The Feb. 23 column on a fire retardant treatment for wood shake and shingle roofs has prompted a letter from north of the border.
Gerry Feaver, marketing director of American Wood Treaters Inc., 33610 E. Broadway Ave., Mission, British Columbia, is heated up (pun intended) about the claims of the Newport Beach-based Coast Roof Savers. Some excerpts from Feaver's letter:
"Mor-Gard (actually Coast Roof Savers; Mor-Gard is the trade name of the chemical fire retardant) claims that their costs of 60 cents per square foot are about one-quarter the cost of a new roof. The fact is, that a new roof of Class C fire-retardant shakes can be supplied at an installed price of about $1.45 a square foot.
"On the average home, a new Class C roof can be installed for about $3,625, as opposed to spraying an old roof for about $1,725. Spraying a 20-year-old roof will leave you with an old roof with bad treatment."

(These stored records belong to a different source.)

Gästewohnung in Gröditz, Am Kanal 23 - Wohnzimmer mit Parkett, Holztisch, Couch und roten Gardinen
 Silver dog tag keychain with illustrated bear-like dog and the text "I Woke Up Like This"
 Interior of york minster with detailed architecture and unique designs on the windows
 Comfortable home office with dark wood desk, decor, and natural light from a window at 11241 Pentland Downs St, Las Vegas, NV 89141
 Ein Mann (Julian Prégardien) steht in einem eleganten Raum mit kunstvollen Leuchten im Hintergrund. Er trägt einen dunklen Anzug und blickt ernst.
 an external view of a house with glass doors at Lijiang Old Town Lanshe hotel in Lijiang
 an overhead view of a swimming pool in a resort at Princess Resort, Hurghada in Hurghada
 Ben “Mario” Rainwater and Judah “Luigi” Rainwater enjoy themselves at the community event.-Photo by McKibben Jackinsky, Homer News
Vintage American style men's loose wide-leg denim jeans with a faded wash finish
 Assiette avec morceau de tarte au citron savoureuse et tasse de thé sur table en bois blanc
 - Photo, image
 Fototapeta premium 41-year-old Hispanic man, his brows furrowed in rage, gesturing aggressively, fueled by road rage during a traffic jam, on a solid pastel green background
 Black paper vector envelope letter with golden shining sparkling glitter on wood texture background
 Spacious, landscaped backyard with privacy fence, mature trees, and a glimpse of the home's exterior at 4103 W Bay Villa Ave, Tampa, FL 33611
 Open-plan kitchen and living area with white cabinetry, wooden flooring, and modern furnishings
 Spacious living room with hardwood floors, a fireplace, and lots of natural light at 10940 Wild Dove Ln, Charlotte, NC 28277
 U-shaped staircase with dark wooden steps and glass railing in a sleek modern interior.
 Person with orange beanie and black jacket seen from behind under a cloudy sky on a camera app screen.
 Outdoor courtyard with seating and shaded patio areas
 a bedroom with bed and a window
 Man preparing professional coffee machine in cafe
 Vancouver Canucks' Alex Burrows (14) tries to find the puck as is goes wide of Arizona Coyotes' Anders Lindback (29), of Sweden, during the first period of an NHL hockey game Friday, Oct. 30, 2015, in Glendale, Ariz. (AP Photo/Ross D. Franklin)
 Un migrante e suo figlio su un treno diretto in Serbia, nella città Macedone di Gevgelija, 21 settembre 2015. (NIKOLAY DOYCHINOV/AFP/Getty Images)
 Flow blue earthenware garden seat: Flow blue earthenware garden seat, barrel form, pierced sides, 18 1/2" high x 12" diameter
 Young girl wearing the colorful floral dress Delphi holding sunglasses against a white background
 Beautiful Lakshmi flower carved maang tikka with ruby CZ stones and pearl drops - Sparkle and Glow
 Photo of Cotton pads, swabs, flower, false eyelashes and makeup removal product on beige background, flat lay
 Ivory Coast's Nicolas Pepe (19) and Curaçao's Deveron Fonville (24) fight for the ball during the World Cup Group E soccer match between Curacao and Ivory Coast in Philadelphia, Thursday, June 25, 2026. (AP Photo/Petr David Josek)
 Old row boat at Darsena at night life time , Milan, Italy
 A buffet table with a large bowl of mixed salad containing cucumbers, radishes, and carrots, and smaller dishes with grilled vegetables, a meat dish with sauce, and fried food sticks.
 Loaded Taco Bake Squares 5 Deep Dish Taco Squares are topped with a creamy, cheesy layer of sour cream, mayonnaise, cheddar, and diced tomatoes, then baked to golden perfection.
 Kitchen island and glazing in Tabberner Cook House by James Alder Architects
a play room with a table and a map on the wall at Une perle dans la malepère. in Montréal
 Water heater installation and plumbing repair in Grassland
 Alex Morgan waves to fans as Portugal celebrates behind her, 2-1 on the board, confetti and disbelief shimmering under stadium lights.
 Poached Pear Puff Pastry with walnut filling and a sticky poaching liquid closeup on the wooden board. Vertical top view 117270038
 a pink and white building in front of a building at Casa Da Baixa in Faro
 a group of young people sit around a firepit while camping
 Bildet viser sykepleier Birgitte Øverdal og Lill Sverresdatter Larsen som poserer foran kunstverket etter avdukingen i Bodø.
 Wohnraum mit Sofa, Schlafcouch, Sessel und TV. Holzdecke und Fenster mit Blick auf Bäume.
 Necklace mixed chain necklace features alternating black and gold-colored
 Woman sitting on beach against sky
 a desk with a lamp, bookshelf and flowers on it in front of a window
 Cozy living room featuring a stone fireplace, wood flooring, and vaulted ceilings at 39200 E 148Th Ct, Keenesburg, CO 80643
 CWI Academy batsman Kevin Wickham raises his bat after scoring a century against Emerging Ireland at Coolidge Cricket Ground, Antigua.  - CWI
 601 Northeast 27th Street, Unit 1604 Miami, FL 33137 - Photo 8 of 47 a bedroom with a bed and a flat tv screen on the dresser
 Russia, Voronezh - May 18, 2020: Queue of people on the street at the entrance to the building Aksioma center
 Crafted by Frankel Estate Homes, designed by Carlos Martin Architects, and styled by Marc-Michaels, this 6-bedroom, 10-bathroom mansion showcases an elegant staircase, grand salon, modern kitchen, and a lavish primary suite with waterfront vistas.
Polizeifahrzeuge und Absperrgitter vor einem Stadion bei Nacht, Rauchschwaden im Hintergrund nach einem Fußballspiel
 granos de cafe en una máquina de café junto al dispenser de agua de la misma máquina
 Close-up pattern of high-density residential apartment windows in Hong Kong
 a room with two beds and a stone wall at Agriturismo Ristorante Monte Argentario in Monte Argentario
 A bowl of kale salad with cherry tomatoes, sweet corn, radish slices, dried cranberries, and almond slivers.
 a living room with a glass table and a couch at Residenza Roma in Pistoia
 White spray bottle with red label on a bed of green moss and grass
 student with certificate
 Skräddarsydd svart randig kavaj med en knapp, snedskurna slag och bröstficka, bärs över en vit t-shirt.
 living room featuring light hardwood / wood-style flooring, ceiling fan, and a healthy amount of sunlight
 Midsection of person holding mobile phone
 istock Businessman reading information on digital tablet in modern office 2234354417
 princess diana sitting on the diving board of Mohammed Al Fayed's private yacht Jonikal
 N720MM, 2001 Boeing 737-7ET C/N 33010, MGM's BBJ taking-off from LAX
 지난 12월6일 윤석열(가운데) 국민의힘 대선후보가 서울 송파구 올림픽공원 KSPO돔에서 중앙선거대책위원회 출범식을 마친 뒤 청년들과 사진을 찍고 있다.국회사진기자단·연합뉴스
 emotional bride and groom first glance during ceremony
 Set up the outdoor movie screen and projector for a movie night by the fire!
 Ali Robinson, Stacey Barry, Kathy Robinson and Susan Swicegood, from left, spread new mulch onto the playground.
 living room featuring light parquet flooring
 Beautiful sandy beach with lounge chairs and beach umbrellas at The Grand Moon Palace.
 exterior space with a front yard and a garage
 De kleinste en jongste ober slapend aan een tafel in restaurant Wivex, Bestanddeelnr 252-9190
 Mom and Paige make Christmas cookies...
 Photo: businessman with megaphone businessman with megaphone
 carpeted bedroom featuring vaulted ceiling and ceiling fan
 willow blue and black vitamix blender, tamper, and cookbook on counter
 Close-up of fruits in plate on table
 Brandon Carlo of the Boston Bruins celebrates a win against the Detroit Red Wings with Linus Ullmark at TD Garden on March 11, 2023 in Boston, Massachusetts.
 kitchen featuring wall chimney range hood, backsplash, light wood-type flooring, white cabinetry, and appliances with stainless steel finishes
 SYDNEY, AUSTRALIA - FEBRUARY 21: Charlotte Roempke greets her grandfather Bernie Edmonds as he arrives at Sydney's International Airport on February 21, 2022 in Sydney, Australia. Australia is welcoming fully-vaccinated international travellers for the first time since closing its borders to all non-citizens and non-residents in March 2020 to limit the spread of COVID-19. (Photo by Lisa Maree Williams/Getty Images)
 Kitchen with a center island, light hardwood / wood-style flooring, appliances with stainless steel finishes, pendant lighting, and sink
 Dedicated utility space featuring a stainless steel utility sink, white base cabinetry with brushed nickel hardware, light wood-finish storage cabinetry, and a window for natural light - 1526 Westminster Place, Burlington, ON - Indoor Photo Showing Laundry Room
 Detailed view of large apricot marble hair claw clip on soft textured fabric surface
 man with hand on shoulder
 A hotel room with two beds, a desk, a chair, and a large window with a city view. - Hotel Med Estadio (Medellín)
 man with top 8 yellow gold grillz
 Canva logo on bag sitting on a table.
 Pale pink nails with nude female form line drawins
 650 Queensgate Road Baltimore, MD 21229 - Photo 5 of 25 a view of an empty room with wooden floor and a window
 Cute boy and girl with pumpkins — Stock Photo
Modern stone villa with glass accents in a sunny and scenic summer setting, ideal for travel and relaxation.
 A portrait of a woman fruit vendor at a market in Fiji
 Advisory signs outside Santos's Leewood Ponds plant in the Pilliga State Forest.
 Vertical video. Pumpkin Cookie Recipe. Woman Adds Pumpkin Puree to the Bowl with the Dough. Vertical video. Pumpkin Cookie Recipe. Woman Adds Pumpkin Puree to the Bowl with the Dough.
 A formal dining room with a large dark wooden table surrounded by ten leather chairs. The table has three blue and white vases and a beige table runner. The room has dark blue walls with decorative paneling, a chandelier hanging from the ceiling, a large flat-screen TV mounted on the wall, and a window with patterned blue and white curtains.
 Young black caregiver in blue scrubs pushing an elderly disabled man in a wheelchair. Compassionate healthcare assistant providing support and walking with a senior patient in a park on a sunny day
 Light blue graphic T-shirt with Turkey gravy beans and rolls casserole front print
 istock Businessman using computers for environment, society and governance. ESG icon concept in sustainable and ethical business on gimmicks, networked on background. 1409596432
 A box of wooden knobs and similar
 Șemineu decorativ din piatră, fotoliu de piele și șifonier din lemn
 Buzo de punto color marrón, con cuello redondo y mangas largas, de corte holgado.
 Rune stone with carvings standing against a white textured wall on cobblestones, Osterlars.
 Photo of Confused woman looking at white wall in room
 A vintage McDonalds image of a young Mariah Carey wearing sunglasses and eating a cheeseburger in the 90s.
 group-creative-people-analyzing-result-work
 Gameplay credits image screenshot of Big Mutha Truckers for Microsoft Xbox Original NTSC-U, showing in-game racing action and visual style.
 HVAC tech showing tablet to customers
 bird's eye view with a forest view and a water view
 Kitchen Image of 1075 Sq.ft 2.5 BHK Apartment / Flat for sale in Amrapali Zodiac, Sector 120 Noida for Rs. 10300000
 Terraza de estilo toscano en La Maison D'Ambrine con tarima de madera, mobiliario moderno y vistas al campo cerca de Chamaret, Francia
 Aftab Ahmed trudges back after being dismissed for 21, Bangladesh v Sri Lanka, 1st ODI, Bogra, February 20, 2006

He adds that "Standard 52, which they (Coast Roof Savers) claims to have passed, is a very minor test compared to what Underwriters Laboratories requires to give a wood roofing product a Class B or C rating. We produce both Class B and C fire retardant shakes and shingles and have to pass UL test 790 which requires that decks of shakes and shingles supplied by us are flame tested under wind conditions on a continuing basis after being weathered for periods of 1, 3, 5 and 10 years."
Peter G. Van Schultze of Coast Roof Savers, 4341 Birch St., Newport Beach, believes attitudes like this cost consumers untold amounts of money.
"I have personally witnessed here in Newport Beach millions of dollars wasted by premature roof replacements," he writes. "The next source of waste is the mandate by the local fire departments that all wooden roofs be pre-treated by pressure with various flame retardants of questionable value and life."
He believes that wooden roofs, like other parts of a house, require maintenance. He considers his treatment part of the maintenance process.